BEGIN GIVEN DATA

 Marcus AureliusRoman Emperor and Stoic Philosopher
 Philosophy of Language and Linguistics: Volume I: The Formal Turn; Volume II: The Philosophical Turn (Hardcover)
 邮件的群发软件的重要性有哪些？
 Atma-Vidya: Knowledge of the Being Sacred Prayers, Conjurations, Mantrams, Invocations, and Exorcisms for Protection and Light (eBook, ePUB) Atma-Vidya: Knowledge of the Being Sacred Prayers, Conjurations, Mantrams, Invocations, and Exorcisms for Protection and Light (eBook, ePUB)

END GIVEN DATA

* WORK TO BE COMPLETED *
Give an exact copy of all the data shown above.

* COMPLETED EXERCISE *
 Marcus AureliusRoman Emperor and Stoic Philosopher
 Philosophy of Language and Linguistics: Volume I: The Formal Turn; Volume II: The Philosophical Turn (Hardcover)
 邮件的群发软件的重要性有哪些？
 Atma-Vidya: Knowledge of the Being Sacred Prayers, Conjurations, Mantrams, Invocations, and Exorcisms for Protection and Light (eBook, ePUB) Atma-Vidya: Knowledge of the Being Sacred Prayers, Conjurations, Mantrams, Invocations, and Exorcisms for Protection and Light (eBook, ePUB)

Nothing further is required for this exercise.